▶ _REQUIRED ACTION_
Return only the lines below starting at the line containing "Two and a Half" and ending at the line containing "Waterproof Car Covers", both included, exactly as they are and with no pictures.

▶ _MATERIAL FOR THIS EXERCISE_
<<<<

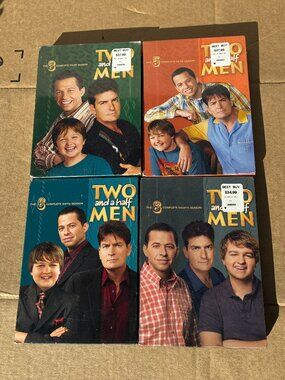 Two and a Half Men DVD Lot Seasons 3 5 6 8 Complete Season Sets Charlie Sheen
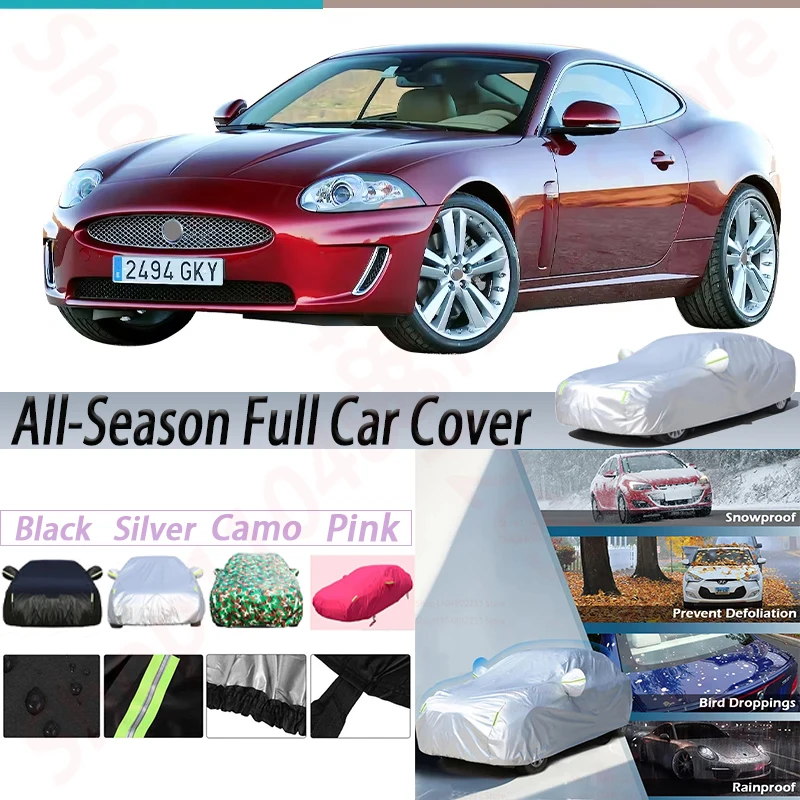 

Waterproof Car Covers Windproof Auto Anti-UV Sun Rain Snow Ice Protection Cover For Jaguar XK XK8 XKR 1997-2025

>>>>
<<<<

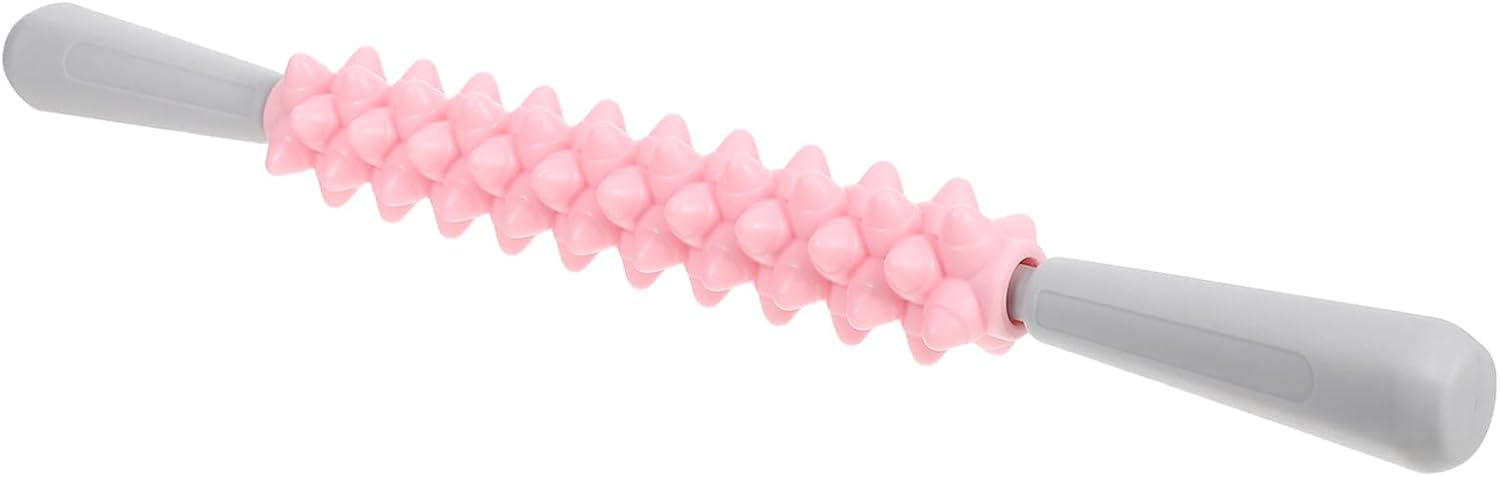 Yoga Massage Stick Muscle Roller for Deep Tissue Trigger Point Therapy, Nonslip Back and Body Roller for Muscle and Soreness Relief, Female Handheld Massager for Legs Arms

>>>>

▶ _THE ANSWER_
 Two and a Half Men DVD Lot Seasons 3 5 6 8 Complete Season Sets Charlie Sheen

Waterproof Car Covers Windproof Auto Anti-UV Sun Rain Snow Ice Protection Cover For Jaguar XK XK8 XKR 1997-2025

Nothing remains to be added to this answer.